I smiled, of course they did.
“I’ll tell you what I told him if you’ll tell me what you told her.”
“Deal.”
“I told him that I’d never felt more helpless because I didn’t know how to make you feel better. I told him I felt guilty, like I’d done something to you that you didn’t ask for.”
“It’s not your fault,” I said, though of course it didn’t matter. We both knew how irrational emotions could be.
“I told Ada I was relieved not to be pregnant.” There it was. The elephant in the room. The monster under the bed. “I know that you want children more than I do. You must be so disappointed.”

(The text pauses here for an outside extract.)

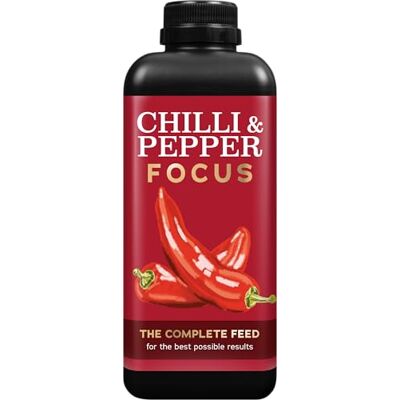 Growth Technology Chilli Focus Engrais Liquide concentré de première qualité 1 Litre - Publicité Growth Technology Chilli Focus Engrais Liquide concentré de première qualité 1 Litre - Publicité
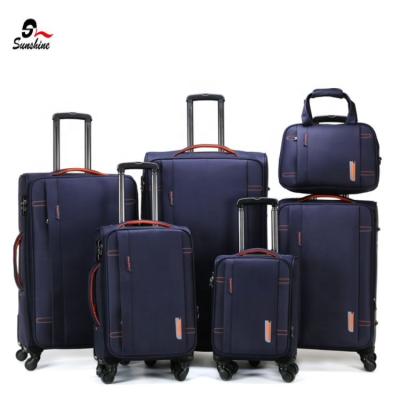 China Luxury Travel Trolley Suitcase Set Luggage With Handbag for sale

“Lola, do you seriously think I would want you to be pregnant if you weren’t ready?” I wanted to remind him that he’d stolen my birth control once but I kept my mouth shut. He must have seen the memories on my face though because his own features twisted into a scowl. “Don’t look at me like that. You know that I was a fucked up individual when I did that to you and you know how relieved I was when that test was negative even though it meant losing you.” I held his hand tighter as he relived those dark memories. “I would love to have children with you. I think I could be a good father. But only when you’re ready.”
“And if I never am?”
He took a breath. “If you never are, you will always be enough. You’re my heart, O’Connell. I will love you more than any other dream.”
Forty
Iclosed my eyes as we drove through London. After almost two weeks on the Isabella it felt too loud in the city. We’d avoided the world for long enough and now, the world wanted us back. I had a best friend and a sister that were desperate to see me. Maia was about to be discharged from hospital and the few conversations on the phone weren’t enough for me to tell her how grateful I was, I needed to see her in person.
On the outside, my injuries were almost healed, internally I still had a ways to go. Still, every day Alfie treated me like fine china. I didn’t feel ready to come back but Alfie had business to deal with, we had my sister's wedding to attend and I had a swan sculpture to build. We couldn’t hide anymore.